ロシアフィンテック協会とは、ロシアの金融市場の発展を実現させるための新しい技術ソリューションの開発と導入、ロシア経済のデジタル化のための条件作りを目標として2016年に設立された組織です。ロシアにおけるフィンテック系イベントのオーガナイズに携わっているほか、国際トレンドの研究・分析、法律改正への提言など、ロシアのフィンテック業界発展のための指標を示す役割を担っていると言えます。

⑵協会の定める課題とゴール

 協会はフィンテック業界が取り組む課題・達成すべき目標として以下を掲げています。

 ❶デジタル経済の中での顧客の個人識別とマネジメント

 ❷ブロックチェーンによる金融システムの分散化

 ❸個人の支払い空間のデジタル化

 ➍API開放の促進

❶は、個人データの効率の良いデジタル化を推進してゆくということです。生体認証を用いた個人識別、デジタルIDの作成と管理、法的重要文書の電子管理、身分証明書に基づいた電子署名などが具体例としてあげられています。

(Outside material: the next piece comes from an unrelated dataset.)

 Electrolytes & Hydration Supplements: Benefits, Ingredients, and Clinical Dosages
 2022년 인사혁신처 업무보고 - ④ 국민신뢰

❸について、協会は、個人の支払いのためのプラットフォームの分析および開発、ビジネスモデルの提案、法律改正への提言を協会側は進めてゆく予定です。 

  

 

③優秀フィンテックスタートアップ

では次に、ロシアの優良なフィンテック系スタートアップの例を見ていきましょう。

ここでは、ロシア最大のフィンテックフォーラムの一つである「FINOPOLIS2018」のスタートアップコンテストにおいて優秀賞に選ばれた4つのスタートアップを紹介します。

⑴Q Platform

ロシアおよびその他CIS諸国においてウェブ決済サービスを展開する巨大企業「QIWI」によるスタートアップ。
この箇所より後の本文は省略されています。